# DATA RECORDS
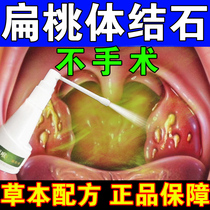 Tonsil stone removal tool cleaning throat foreign body sensation halitosis stone tonsil inflammation hypertrophy swelling medicine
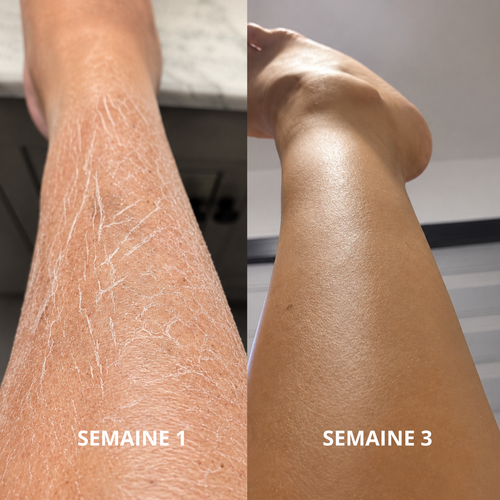 Virelau Magic 100ml — Fini la peau sèche.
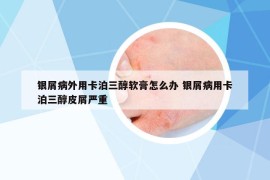 银屑病外用卡泊三醇软膏怎么办 银屑病用卡泊三醇皮屑严重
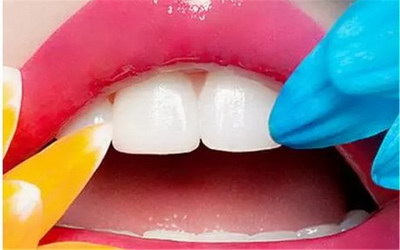 嘴的牙龈总是在出血(牙龈总是出血几个月了怎么办)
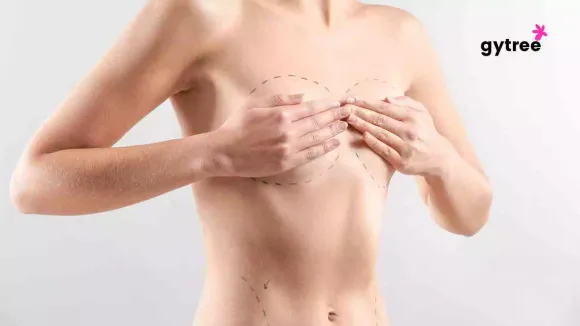 Double mastectomy: What is it?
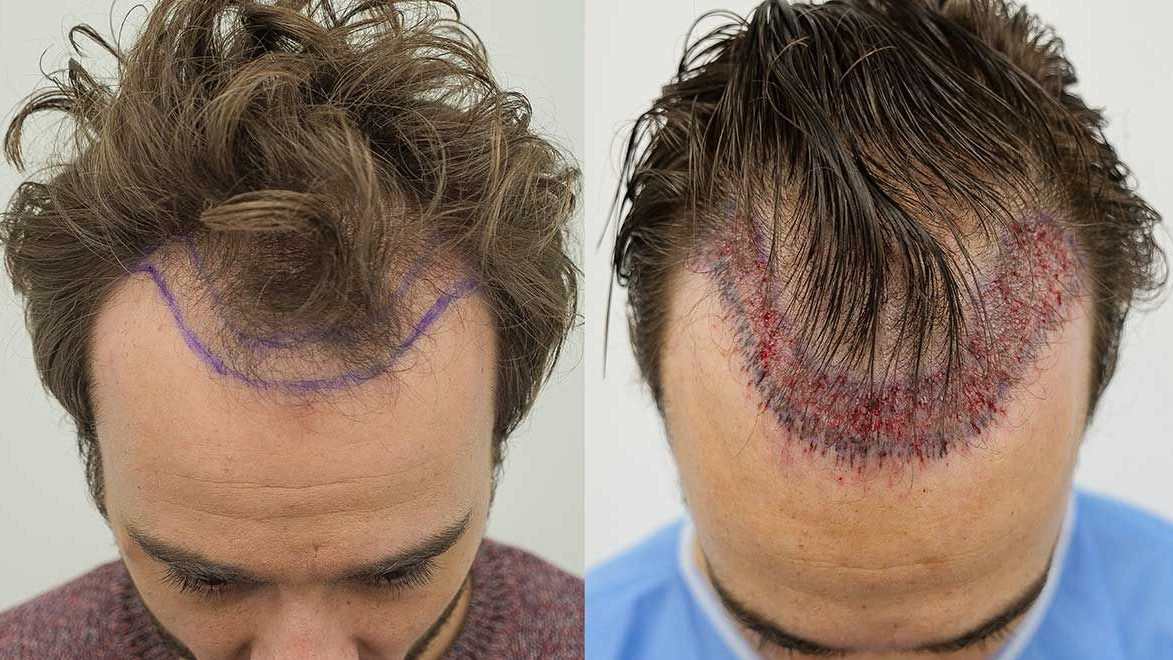 Boom za samopouzdanje: Transplantacija kose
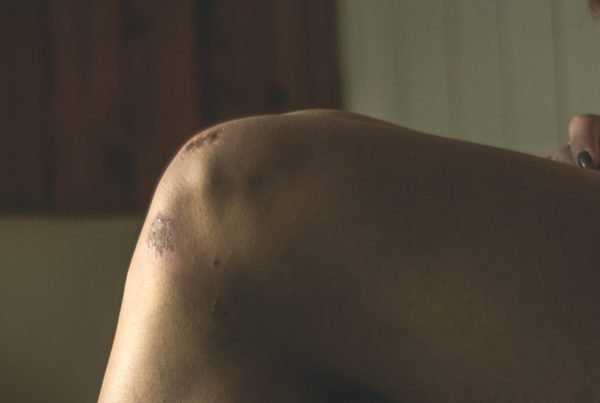 Personal injury law offices near Newport Beach, CA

# EXERCISE GOAL
Give the entries above again exactly, minus their pictures.

# RESPONSE TO THIS EXERCISE
 Tonsil stone removal tool cleaning throat foreign body sensation halitosis stone tonsil inflammation hypertrophy swelling medicine
 Virelau Magic 100ml — Fini la peau sèche.
 银屑病外用卡泊三醇软膏怎么办 银屑病用卡泊三醇皮屑严重
 嘴的牙龈总是在出血(牙龈总是出血几个月了怎么办)
 Double mastectomy: What is it?
 Boom za samopouzdanje: Transplantacija kose
 Personal injury law offices near Newport Beach, CA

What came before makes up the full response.